### TASK
Return every line from the records below that has the word "with".

### RECORDS TO USE
►

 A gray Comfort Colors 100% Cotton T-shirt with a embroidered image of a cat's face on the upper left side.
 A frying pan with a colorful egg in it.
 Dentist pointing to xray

◄
►

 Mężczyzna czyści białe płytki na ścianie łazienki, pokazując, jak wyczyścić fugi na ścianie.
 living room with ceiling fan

◄

### EXERCISE RESPONSE
 A gray Comfort Colors 100% Cotton T-shirt with a embroidered image of a cat's face on the upper left side.
 A frying pan with a colorful egg in it.
 living room with ceiling fan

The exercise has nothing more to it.